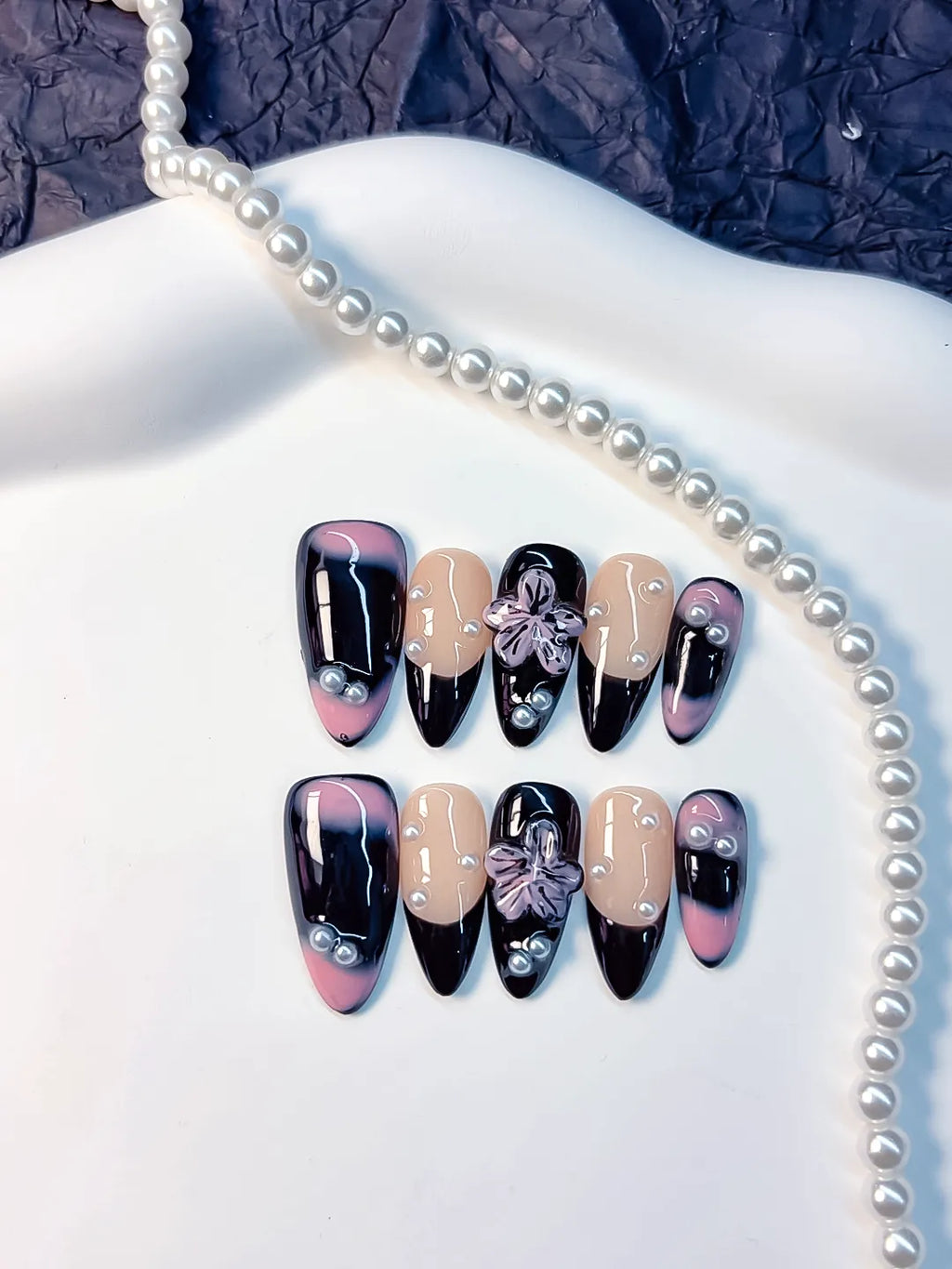 D249 - Medium Black Nude Almond Ombre Flower Pearl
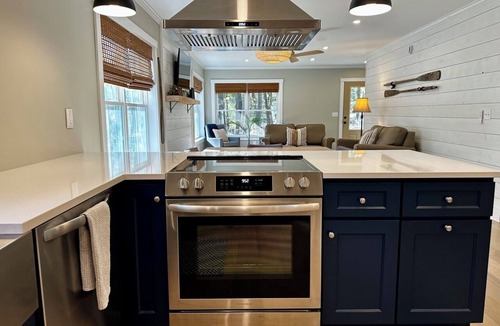 Rome House | Cozy & Modern 2BR/2BA with Long Pond access in Rome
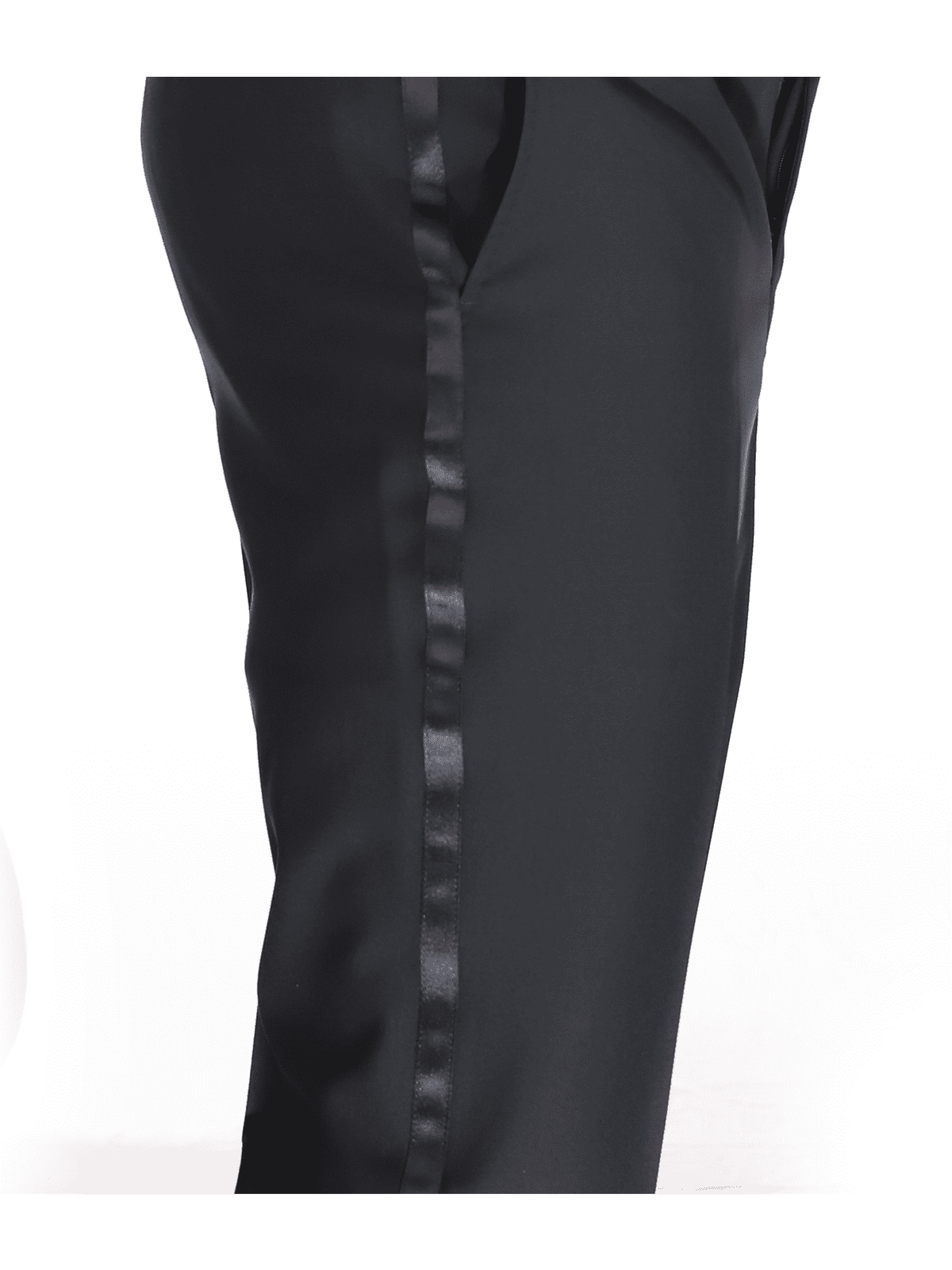 Blujacket TUXEDOS Blujacket Mens Solid Black 100% Wool Regular Fit Tuxedo Suit With Peak Lapels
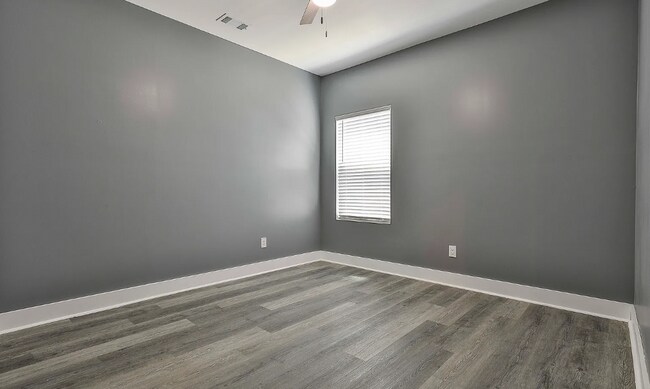 Building Photo - 87 Farmer St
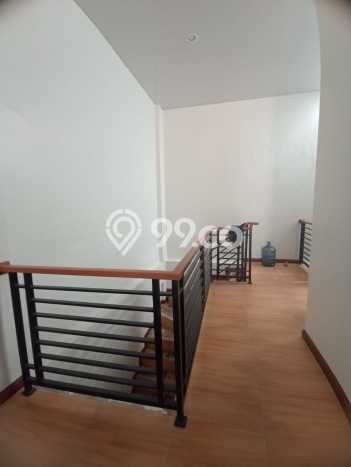 Rumah Modern 2 KT di Kemang Pratama Bekasi Semi Furnished Rumah Modern 2 KT di Kemang Pratama Bekasi Semi Furnished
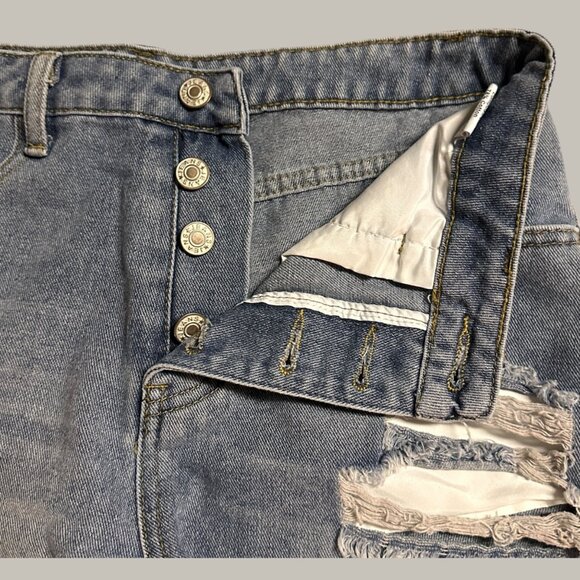 Distressed Denim High-Waisted Shorts With Button Fly & Frayed Hem - Picture 6 of 12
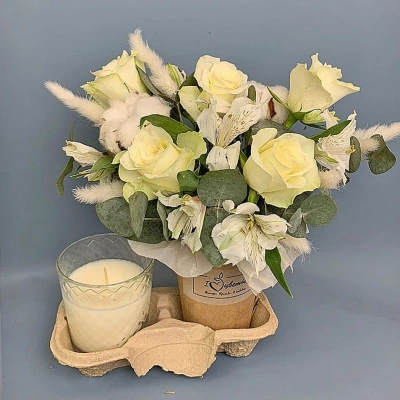 Сет "Ванильный". Набор стаканчик с цветами и аромасвечой в стаканчике 70346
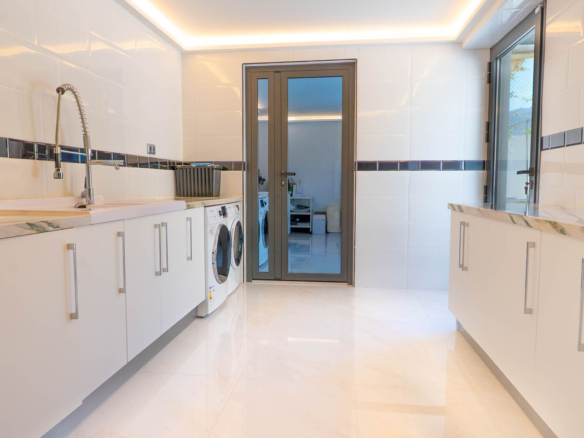Villa for sale in Benalmadena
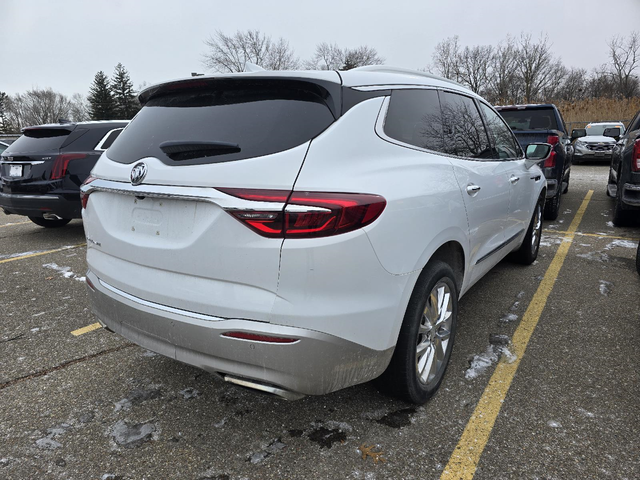 2021 Buick Enclave Essence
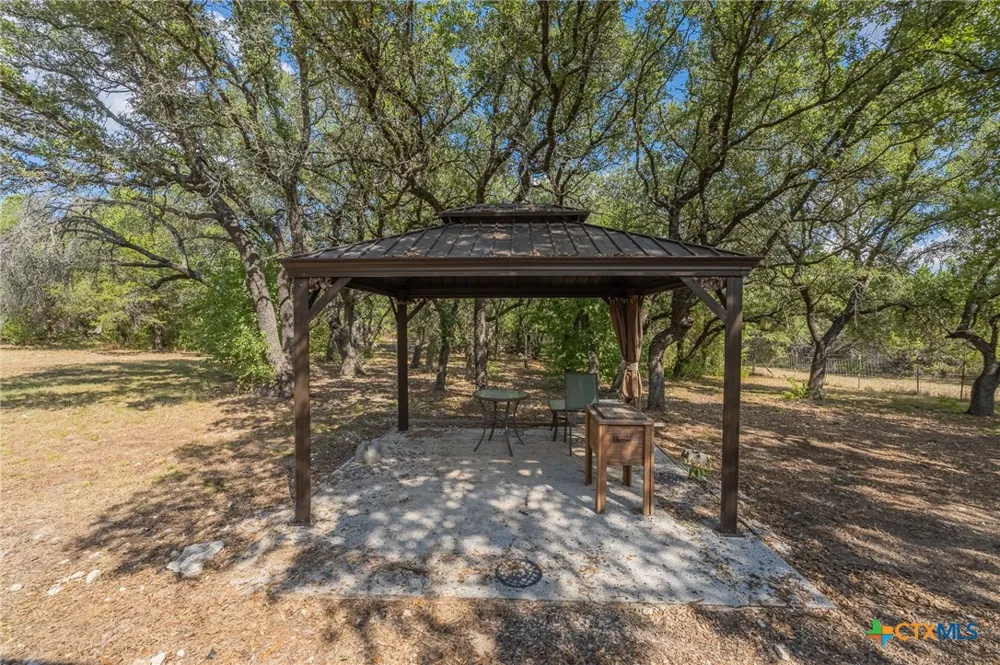 614 Private Road 3004 Lampasas, TX 76550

## Problem description
Reproduce the span beginning at the line with "в стаканчике 70346" and ending at the last line of the entries above, inclusive, exactly as it stands. Exclude the pictures.

## Response
 Сет "Ванильный". Набор стаканчик с цветами и аромасвечой в стаканчике 70346
Villa for sale in Benalmadena
 2021 Buick Enclave Essence
 614 Private Road 3004 Lampasas, TX 76550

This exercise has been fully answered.